▸ **Exercise requirements**
Retype only what runs from the first line of the records to the line with "BRAKE CALIPER REBUILD", inclusive, and no pictures.

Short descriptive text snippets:
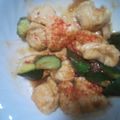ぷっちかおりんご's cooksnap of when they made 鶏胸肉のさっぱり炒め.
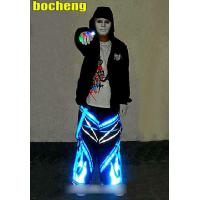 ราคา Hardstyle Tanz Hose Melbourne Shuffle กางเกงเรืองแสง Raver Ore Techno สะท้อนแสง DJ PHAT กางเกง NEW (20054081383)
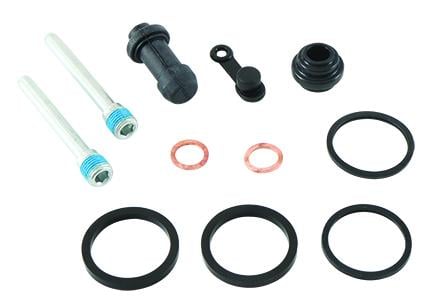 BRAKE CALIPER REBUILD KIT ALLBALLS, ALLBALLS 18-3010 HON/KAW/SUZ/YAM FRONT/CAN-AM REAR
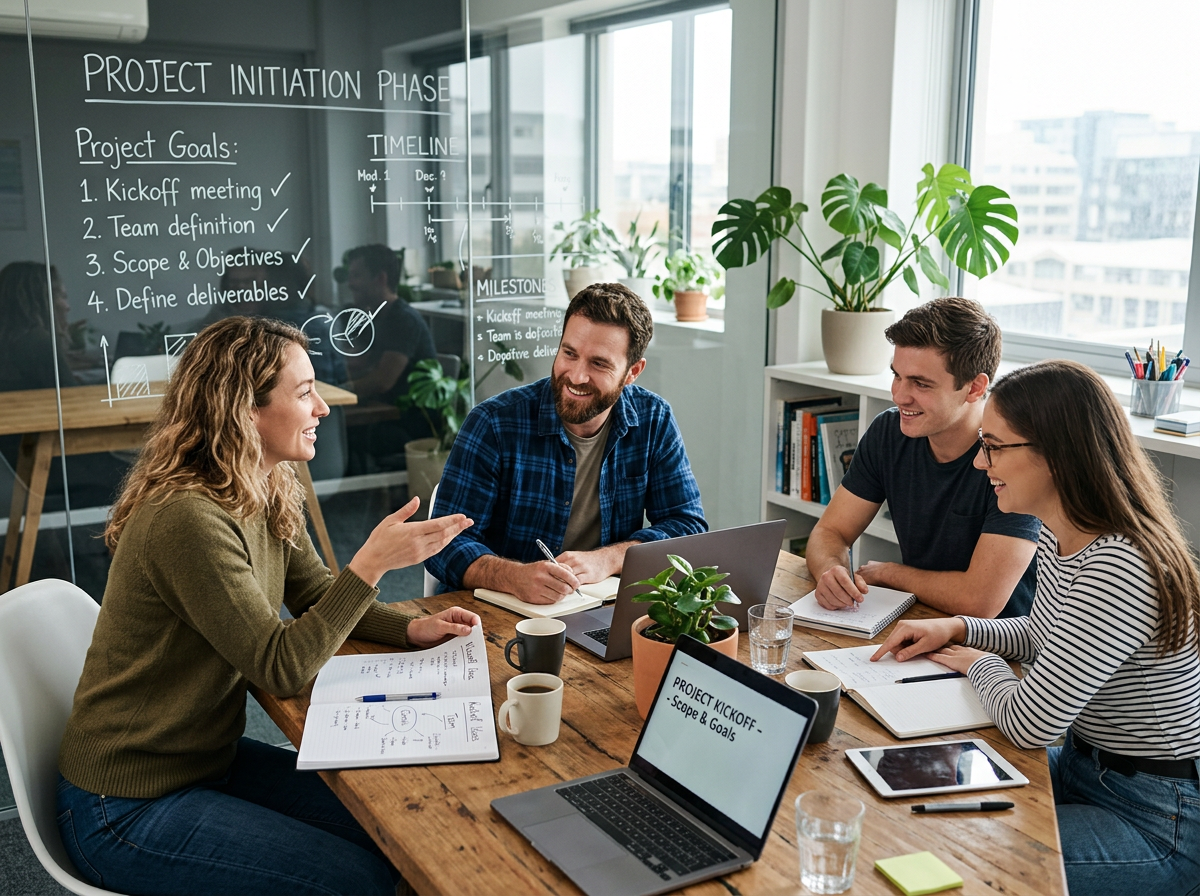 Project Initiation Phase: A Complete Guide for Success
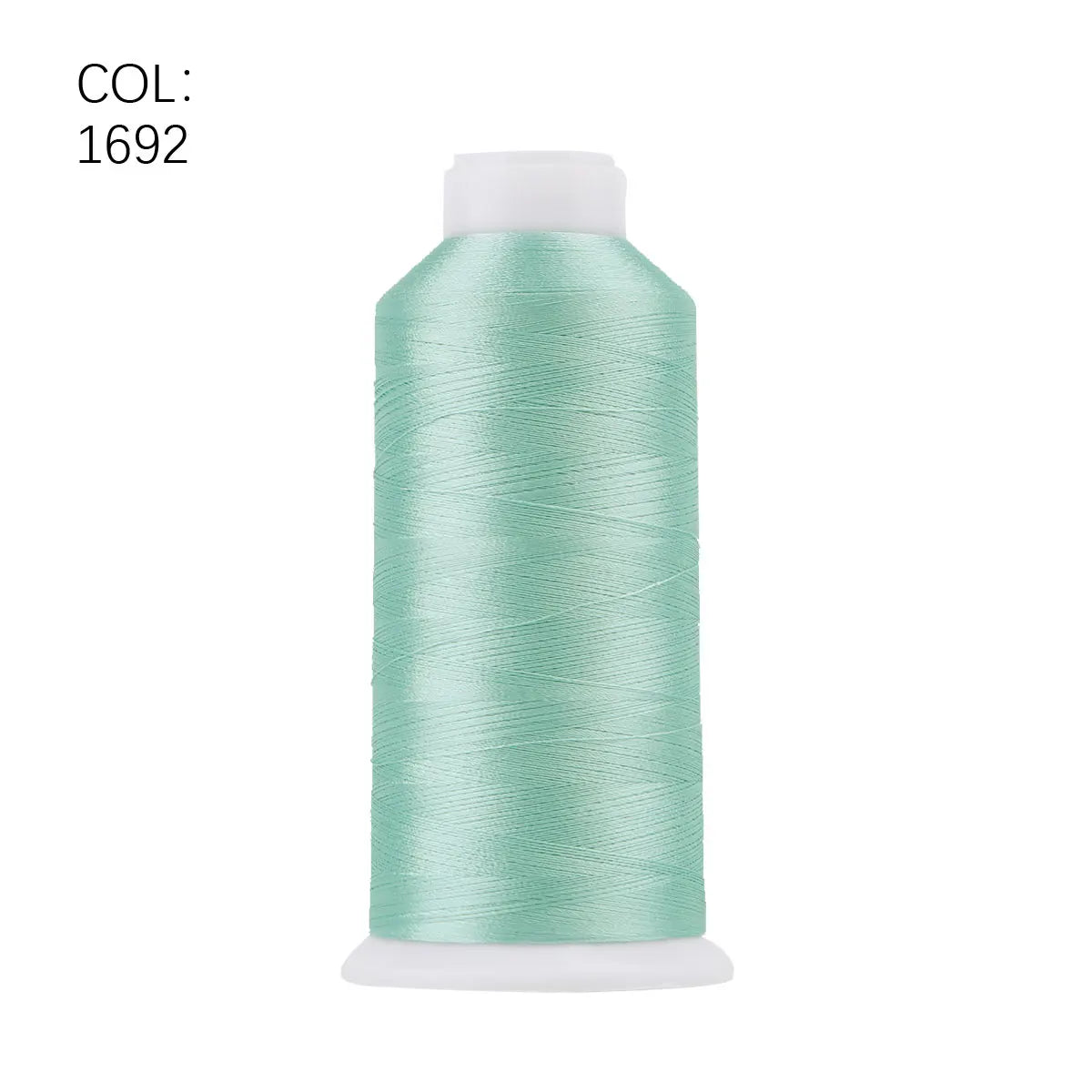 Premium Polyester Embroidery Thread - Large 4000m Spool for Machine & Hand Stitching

▸ **Solution**
ぷっちかおりんご's cooksnap of when they made 鶏胸肉のさっぱり炒め.
 ราคา Hardstyle Tanz Hose Melbourne Shuffle กางเกงเรืองแสง Raver Ore Techno สะท้อนแสง DJ PHAT กางเกง NEW (20054081383)
 BRAKE CALIPER REBUILD KIT ALLBALLS, ALLBALLS 18-3010 HON/KAW/SUZ/YAM FRONT/CAN-AM REAR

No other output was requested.